I wanted to practice programming with graphs, and baseball is the only sport I know about
What it does
The program takes in the names of any Major League Baseball player throughout history. The program outputs the shortest connection between the two players by mutual teammates.
How I built it
I compiled a list of team history on every MLB player referenced on "www.baseball-reference.com". The program only considers players whose baseball-reference profiles have an "Appearances" table with at least one entry.

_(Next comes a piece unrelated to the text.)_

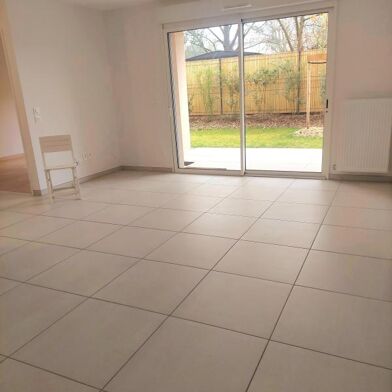 Appartement 2 pièces 760 €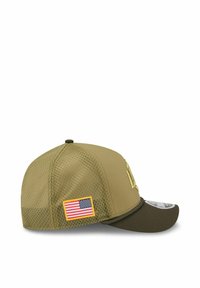 Khaki-Kappe mit Netzrücken, gebogenem Schirm und gesticktem Patch mit der amerikanischen Flagge. Strukturmaterial, verstellbare Passform.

Then I wrote a program that builds a graph based on this data where vertices represent the players and edges represent two players being teammates for at least one season. The shortest path between any two players could then be determined easily using Breadth-First Search.
Challenges I ran into
Much of the time was spent trying to retrieve all the players' data. The final scraping program "MLBListGetter" took about 4 hours to retrieve all the data.
Accomplishments that I'm proud of
- First time using such a large data set
- First time implementing a graph in Java
- First time scraping a website in Java
- First time participating in a Hackathon
What I learned
According to baseball-reference.com, Mark Kiger is the only MLB player who made no appearances. He's also the only player to cause an Exception while reading the player data.
What's next for MLBKevinBacon
Probably nothing. The runtime of the program could be improved, and the data could definitely be retrieved faster. It might be fun to try it with other sports. I know nothing about web/app development, so it might also be fun to design a webpage/app around the program.